I agree, but reality gets in the way of that :)
the majority of test cases are short and simple, but there are some that are
more complicated.

> With
> the current approach there is a part of the input parameters hard coded or
> configureable inside the device description. A central entity selecting
> which tests to run on which simulated device (litest and the test
> registry), and then the test itself. That being said I dont have an easy
> solution. So for most of the logic I added smaller unit tests that run only
> internal parts libinput without a simulated device would have been
> sufficient. Then a simple acceptance test that declares a simulated device
> for the test and has hard coded input and output values.. To get the unit
> tests working without a uinput device requires creating interfaces that can
> be overriden, adding that would bubble upwards through the internals of
> libinput.

yep, there's no easy solution. The current test framework is designed for
one priority: we don't want to break known features on new devices.
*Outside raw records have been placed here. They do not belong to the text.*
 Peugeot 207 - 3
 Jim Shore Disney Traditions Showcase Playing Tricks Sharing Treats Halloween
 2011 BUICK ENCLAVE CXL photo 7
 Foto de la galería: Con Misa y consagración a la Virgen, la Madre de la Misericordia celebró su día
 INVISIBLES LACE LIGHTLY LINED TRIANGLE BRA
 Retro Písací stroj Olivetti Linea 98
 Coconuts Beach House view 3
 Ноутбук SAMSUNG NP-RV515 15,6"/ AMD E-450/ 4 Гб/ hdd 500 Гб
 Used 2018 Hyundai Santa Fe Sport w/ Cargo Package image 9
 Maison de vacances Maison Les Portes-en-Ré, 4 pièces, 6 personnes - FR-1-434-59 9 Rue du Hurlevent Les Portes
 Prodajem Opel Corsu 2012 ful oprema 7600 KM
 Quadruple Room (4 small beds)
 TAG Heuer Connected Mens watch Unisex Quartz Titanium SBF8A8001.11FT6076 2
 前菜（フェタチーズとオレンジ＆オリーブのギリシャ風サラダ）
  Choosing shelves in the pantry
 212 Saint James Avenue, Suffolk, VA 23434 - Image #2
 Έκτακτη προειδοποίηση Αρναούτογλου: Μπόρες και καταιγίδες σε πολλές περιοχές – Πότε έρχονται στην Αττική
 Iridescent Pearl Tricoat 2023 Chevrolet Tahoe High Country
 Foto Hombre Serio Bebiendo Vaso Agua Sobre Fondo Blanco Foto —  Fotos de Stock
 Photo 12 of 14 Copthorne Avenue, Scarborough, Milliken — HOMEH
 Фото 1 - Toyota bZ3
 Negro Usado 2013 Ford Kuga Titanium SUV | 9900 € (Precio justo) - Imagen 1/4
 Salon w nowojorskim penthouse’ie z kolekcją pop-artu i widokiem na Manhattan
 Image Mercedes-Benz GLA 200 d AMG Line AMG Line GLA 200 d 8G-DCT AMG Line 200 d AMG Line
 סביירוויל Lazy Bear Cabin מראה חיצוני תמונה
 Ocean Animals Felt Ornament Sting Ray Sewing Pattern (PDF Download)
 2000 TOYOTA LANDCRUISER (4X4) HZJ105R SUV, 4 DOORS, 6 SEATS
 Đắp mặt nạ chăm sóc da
So most
of how it works is geared towards adding a new device and then making sure
nothing breaks. because for evdev/synaptics/... that is the biggest problem
- you'd fix something for one device and another one breaks.

for some tests, this is not ideal because you start getting blurry at the
details, e.g. pointer acceleration is almost impossible to test this way.

unit-testing libinput itself would be interesting, but the changes required
are, as you said, intrusive. and I don't know how much you'd get out of it,
libinput requires a lot of state, so I don't put my hopes up that
unit-testing is easy to add.

Cheers,
   Peter